> [Aim of the task] If an entry holds a picture, leave the picture out and copy the rest of the listing exactly.

----

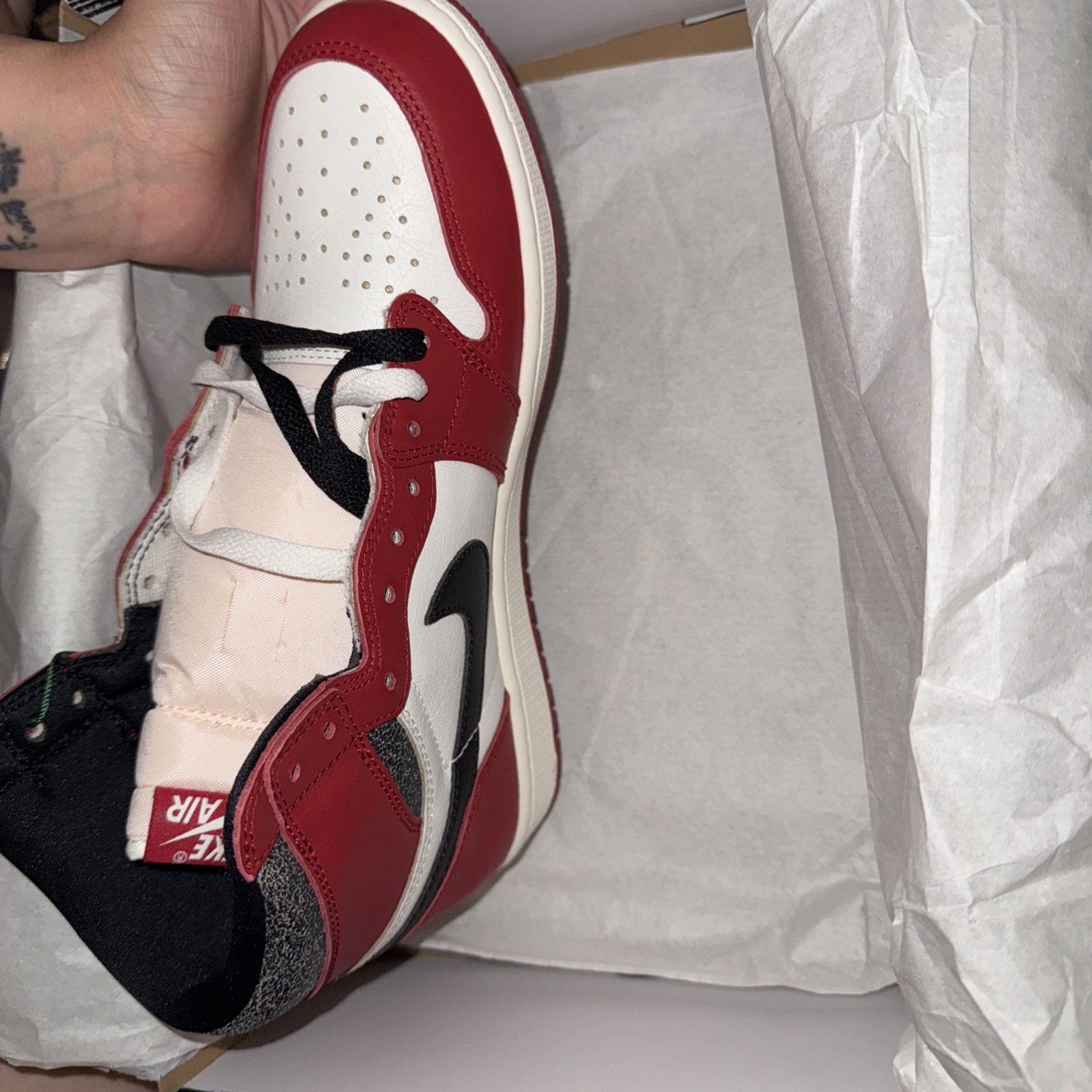 SAOLA Air Jordan 1 Lost and Found Chicago taglia 9 5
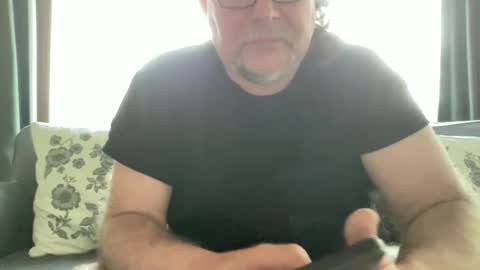 Snapshot of bllyidol chatting on April 1, 6:47 am BlIdoL online show from April 1, 6:47 am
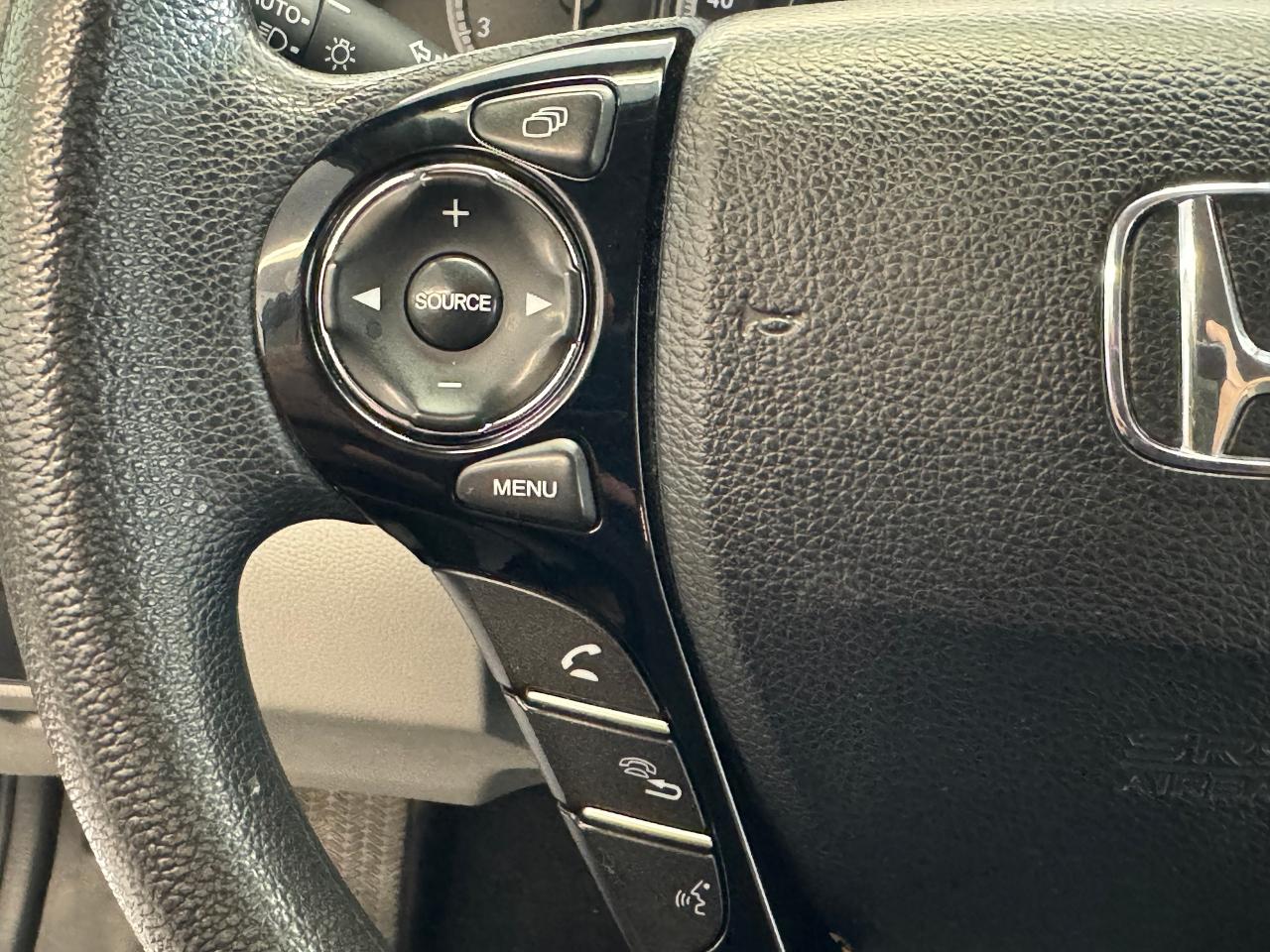 2017 Honda Accord LX+New Brakes+Camera+ApplePlay+Heated Seats - Photo #43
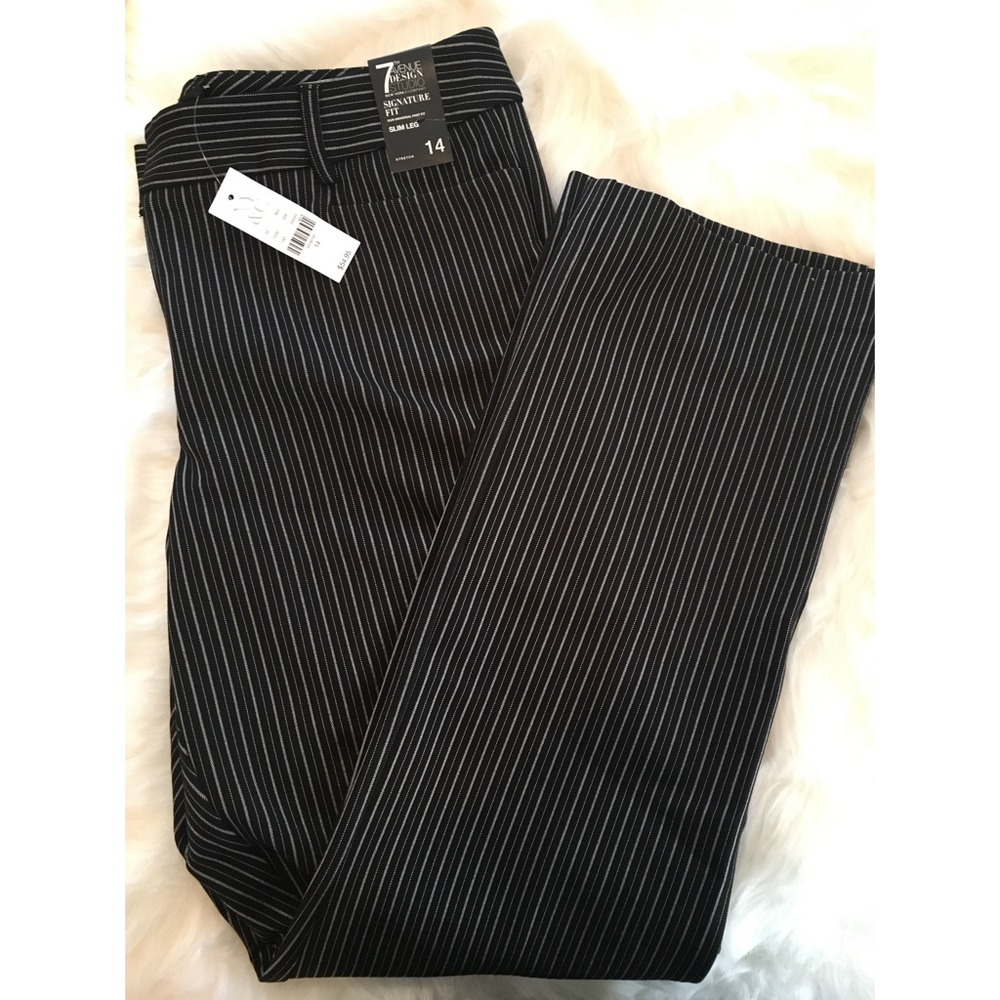 Price ⬇️ New York & Company Slim Leg Size 14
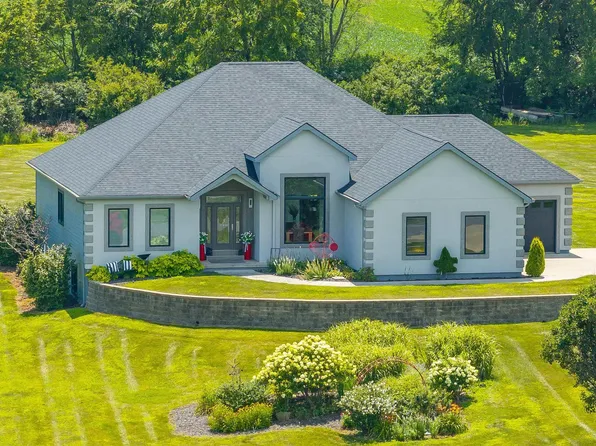 8248 Buchanan Trl, Norwalk, IA 50211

----

> [Exercise response]
 SAOLA Air Jordan 1 Lost and Found Chicago taglia 9 5
 Snapshot of bllyidol chatting on April 1, 6:47 am BlIdoL online show from April 1, 6:47 am
 2017 Honda Accord LX+New Brakes+Camera+ApplePlay+Heated Seats - Photo #43
 Price ⬇️ New York & Company Slim Leg Size 14
 8248 Buchanan Trl, Norwalk, IA 50211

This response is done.